As an example, typical HTTP traffic downloads a number of small documents that each fit in just a few packets. Even while typical page sizes have grown significantly, many of the largest parts of pages are often served via cache, where all you need to retrieve is the header confirming the cache is still valid (if even that much). If you download a total of 60K for a page, that's still only a few milliseconds at 30Mbps. A modest latency improvement can absolutely make the same 30Mbps seem to be twice as fast for common activities. This is especially true as web traffic is iterative: the base html document then asks for css or scripts, which ask for more css or scripts, when then ask for resources like images and fonts. So this extra bit of latency delay can be repeated several times to render a page.

Another example is video game traffic. Many games use frequent but very small packets with simple vector or action information about a character or object, where the total throughput is small but the latency is everything.

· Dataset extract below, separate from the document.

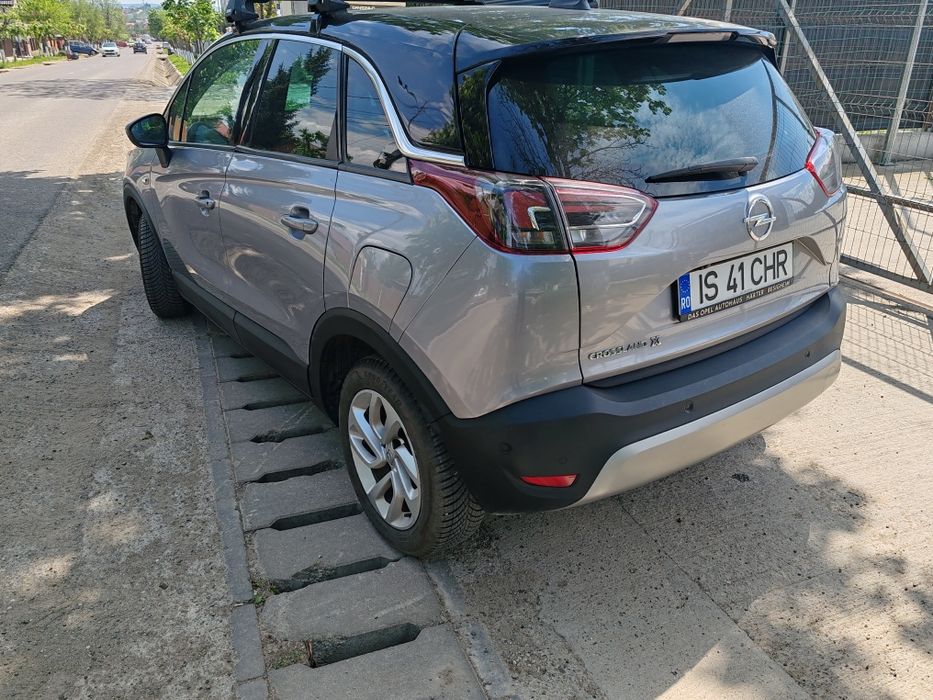 Opel Crossland X  2020.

Here, an extra few milliseconds saved in latency can make a world of difference and make the connection seem much faster.

But it probably won't. It's unlikely the latency will be enough different for you to notice this. Additionally, for http traffic server processing time tends to minimize the differences relative to the total page load time from click to rendered. Most important, for larger downloads and things like streaming content, it's the same 30Mbps either way.

Mostly.

There are some other factors that also generally tend to favor the fiber:

  • More stability and less environmental interference, meaning less bandwidth lost to TCP retransmits
  • The copper line is most likely asymmetric, where your upstream bandwidth is much smaller (not guaranteed, but at this speed asymmetric is far more common). The fiber line is almost certainly 30Mbps in both directions.
  • 30Mbps is just what you're paying for today. When the day comes you need more, you can probably turn the fiber all the way up to 1Gpbs with just a phone call to change your billing. The copper is likely to have a much lower ceiling.
  • The quality of service on the copper is giving you the max speed, where the average can be much lower. Fiber can generally deliver it's max speed much more consistently.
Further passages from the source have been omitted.